Rugby League in Yorkshire refers to the sport of rugby league in relation to its participation and history within Yorkshire, England.  The traditional county is the largest in the United Kingdom and as thus has many rugby clubs, professional and amateur.

History

Rugby league was founded in Yorkshire in 1895 at the George Hotel in Huddersfield when 22 clubs broke away from the Rugby Football Union to form the Northern Rugby Football Union which later changed its name to the Rugby Football League.

The first winners of the newly formed league, the NRFU Championship were Bradford based team Manningham FC in 1895. Between 1896 and 1900 teams either played in the Yorkshire or Lancashire League depending on geographical location but still competed in the Challenge Cup. In the early years of the competition Huddersfield were a dominant force, winning multiple league titles between 1910s and 1940s.

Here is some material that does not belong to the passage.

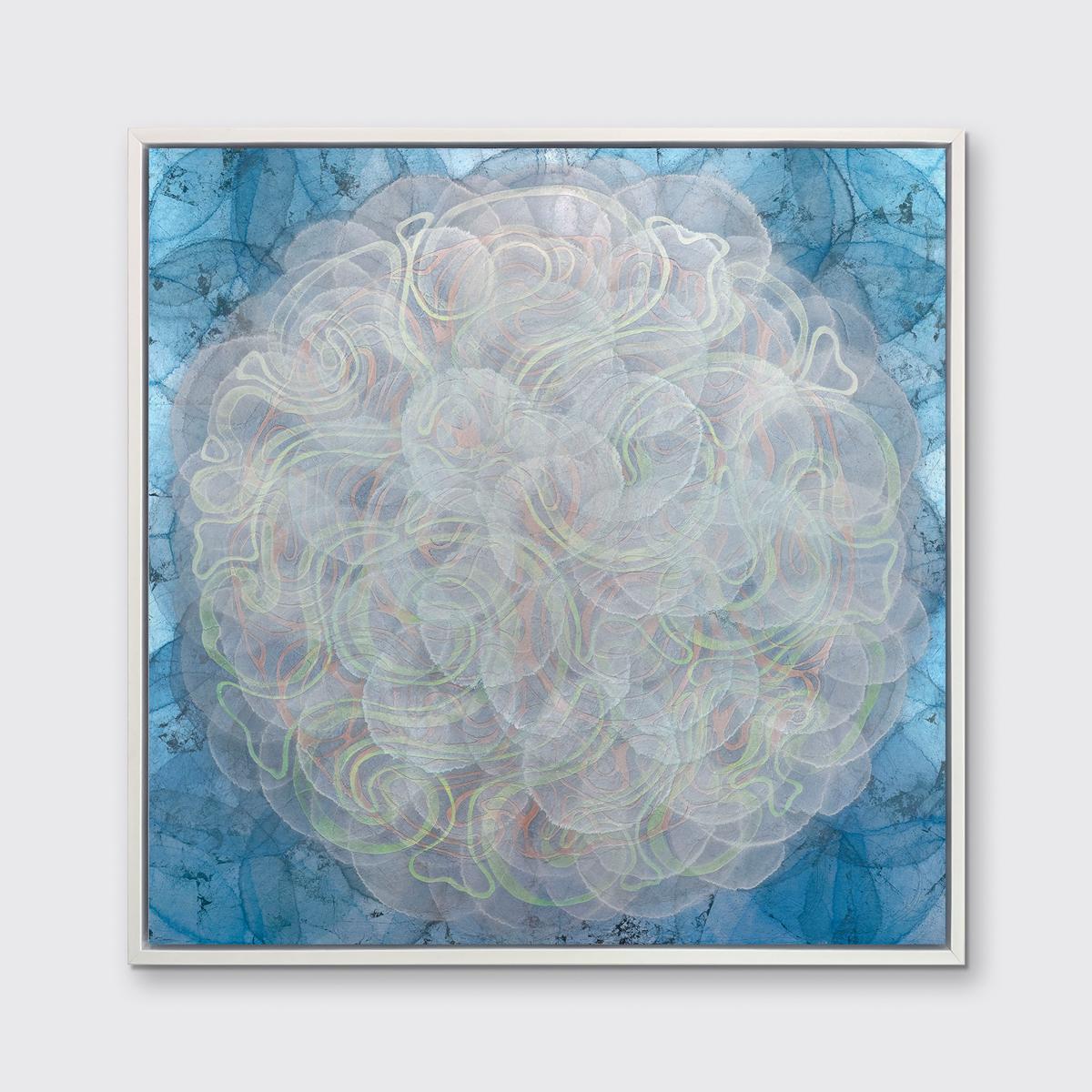 Esta impresión abstracta geométrica en edición limitada de Roger Mudre presenta una gran forma circular en el centro de la composición, compuesta por remolinos de líneas verdes, naranjas y blancas plateadas, y un frío perímetro azul.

In the Super League era, Bradford Bulls were one of the dominant forces in the early years winning four titles between 1997 and 2005. Leeds Rhinos became the most successful team in Yorkshire winning eight Super League titles and winning 14 Challenge Cups.

Competitions

Yorkshire League

The Yorkshire League was founded in 1895 for teams in Yorkshire to compete in. Leeds and Huddersfield dominated the league before it was abandoned in 1970 due to the amount of fixtures being played.

Yorkshire Cup

The Yorkshire Cup was a cup competition for teams in Yorkshire. The competition ran from 1905–1992 when it folded due to the number of fixtures in the calendar and the Rugby Football League (RFL) not seeing it as being a part of the future of modern rugby league.

War of the Roses
 
The War of the Roses, was the inter-county rugby league matches between representative teams from Yorkshire and Lancashire, the areas where rugby league has traditionally been most popular in England. The fixture was abandoned in 2003 after poor attendances and lack of interest from players and the media.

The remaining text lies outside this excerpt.